Blog about the stuff you’d like to read about. Would you follow a blog like yours? If no, then it’s back to the drawing board.

The word, whether written or not, has one main goal: to make two people feel less lonely. Yes, we use words in such a way as to figure out if someone else feels and thinks and acts the same way we do. We have stories as a means to connect people, to make them imagine the same thing, and create a sense of togetherness.

If you care deeply about a certain topic, odds are someone else will care also. And, if they don’t, then your passion can make them care.

Figure Out Your Why

Why blog? Why not do something else? Why spend so much time writing stuff on a computer to share them with the world?

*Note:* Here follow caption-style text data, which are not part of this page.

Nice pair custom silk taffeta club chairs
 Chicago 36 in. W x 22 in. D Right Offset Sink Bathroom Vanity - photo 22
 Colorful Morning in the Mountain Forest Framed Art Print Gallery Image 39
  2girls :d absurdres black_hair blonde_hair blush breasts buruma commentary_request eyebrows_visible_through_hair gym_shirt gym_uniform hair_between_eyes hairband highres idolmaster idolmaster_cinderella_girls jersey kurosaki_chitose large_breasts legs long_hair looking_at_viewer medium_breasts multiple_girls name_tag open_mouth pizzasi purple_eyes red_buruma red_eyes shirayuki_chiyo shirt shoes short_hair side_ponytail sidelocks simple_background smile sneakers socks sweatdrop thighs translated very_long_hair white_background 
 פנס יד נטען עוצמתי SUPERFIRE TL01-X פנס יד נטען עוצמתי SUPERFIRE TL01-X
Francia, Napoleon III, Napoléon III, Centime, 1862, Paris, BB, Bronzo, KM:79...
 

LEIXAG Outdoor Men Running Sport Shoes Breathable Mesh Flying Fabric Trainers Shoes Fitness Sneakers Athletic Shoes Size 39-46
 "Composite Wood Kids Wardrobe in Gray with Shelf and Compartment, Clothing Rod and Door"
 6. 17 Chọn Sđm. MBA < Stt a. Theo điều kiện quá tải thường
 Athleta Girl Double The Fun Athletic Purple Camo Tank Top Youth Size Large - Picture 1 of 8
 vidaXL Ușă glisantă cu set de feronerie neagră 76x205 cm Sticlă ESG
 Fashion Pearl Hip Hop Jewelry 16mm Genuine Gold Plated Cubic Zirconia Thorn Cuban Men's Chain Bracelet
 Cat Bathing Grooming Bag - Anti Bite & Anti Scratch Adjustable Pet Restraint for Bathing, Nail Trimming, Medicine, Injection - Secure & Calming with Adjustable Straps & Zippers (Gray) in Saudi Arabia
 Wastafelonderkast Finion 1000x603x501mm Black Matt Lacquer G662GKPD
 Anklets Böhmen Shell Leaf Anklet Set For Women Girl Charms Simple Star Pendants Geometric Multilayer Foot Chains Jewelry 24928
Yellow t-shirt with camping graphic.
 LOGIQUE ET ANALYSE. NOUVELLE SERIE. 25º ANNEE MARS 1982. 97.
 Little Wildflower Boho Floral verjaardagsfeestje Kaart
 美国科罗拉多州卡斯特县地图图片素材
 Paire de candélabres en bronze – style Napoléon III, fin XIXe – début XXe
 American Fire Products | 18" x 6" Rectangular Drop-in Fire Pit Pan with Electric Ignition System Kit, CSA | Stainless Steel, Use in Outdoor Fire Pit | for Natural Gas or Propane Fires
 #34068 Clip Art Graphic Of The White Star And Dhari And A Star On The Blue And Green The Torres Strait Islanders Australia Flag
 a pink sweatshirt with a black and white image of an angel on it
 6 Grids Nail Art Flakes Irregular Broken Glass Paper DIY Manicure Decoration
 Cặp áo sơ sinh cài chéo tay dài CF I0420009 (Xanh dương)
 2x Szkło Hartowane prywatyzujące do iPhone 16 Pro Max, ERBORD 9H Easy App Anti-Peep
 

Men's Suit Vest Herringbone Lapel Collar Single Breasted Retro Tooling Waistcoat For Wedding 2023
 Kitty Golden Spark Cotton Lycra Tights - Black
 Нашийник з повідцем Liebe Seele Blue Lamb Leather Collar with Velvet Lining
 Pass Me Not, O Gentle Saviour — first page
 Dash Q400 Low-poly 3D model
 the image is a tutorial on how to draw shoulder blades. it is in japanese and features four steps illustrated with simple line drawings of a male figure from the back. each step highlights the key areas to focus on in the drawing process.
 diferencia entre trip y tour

What are your objectives? What do you want out of all this?

It’s important to figure out your why, because it determines your expectations and how much energy and effort you’re willing to put into it.

At the same time, your why will determine your blog’s mission and vision, important elements when it comes to properly branding your blog.

Those of you who say, “it’s just a blog” will forever be damned to spend their time in blogging hell, struggling to get anyone to even notice that they exist.

It’s not just a blog. It’s a blog. Your blog. Your little space on the Internet.

So, what do you want?

Money? Fame? To help others? To find like-minded individuals and connect with them? To create a personal brand? To create a platform for other products? To find your target audience?

Figure out why you want to blog and what you want to get out of it. Write it down.

Patience, Patience, Patience

Did you write down why you want to blog and what you want to get out of it?

Do you have certain expectations? Say, you want ten thousand followers in the first year. A million visitors. To earn X amount of money.

Whatever you expect to happen, it’s going to take a while longer than you predict. Even if you are all negative about it, it’s still going to take a while longer. About two times longer. Take that into consideration.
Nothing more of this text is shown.